→ **Task brief**
What are the lines below, starting at the line containing "ALPHA STUDIO: PONCHO EN LAINE ET CACHEMIRE" and ending at the line containing "4015 Wayzata Boulevard"? Write them out exactly, ends included, without pictures.

→ **Source data**
==========

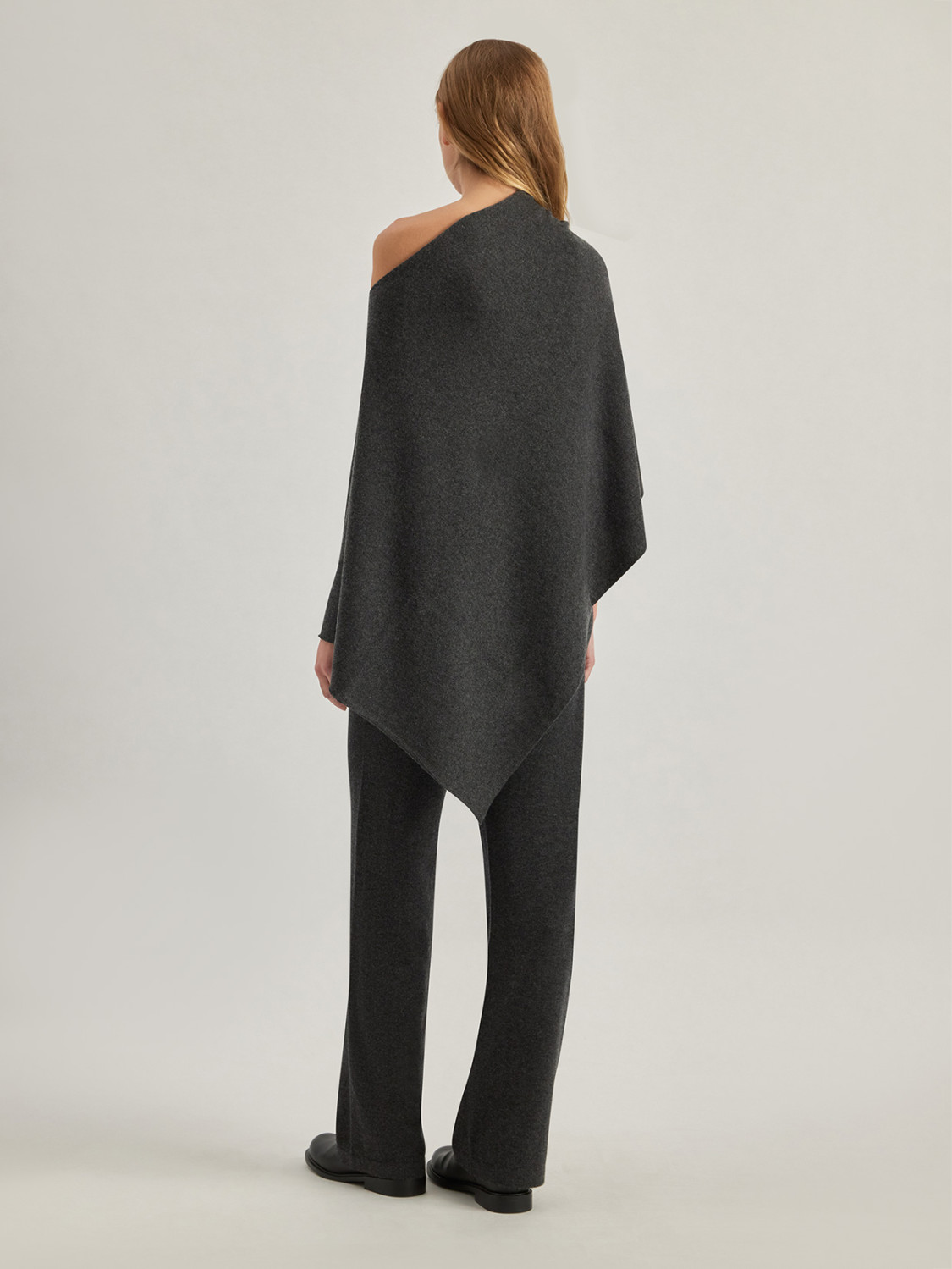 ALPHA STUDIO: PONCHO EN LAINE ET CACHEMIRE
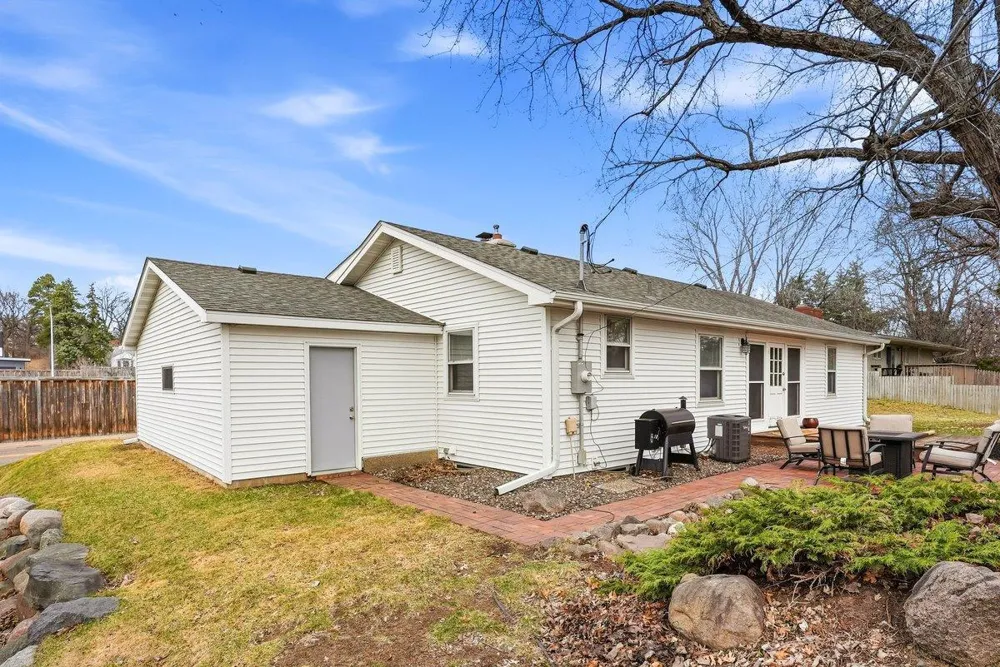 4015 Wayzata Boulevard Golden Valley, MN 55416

==========

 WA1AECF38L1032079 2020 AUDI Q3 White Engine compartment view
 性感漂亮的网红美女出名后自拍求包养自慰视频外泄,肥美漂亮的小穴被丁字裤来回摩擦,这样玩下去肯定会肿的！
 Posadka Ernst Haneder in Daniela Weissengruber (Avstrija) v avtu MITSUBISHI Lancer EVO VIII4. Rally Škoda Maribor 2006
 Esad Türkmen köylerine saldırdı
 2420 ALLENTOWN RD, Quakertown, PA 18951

==========

→ **Answer to this task**
 ALPHA STUDIO: PONCHO EN LAINE ET CACHEMIRE
 4015 Wayzata Boulevard Golden Valley, MN 55416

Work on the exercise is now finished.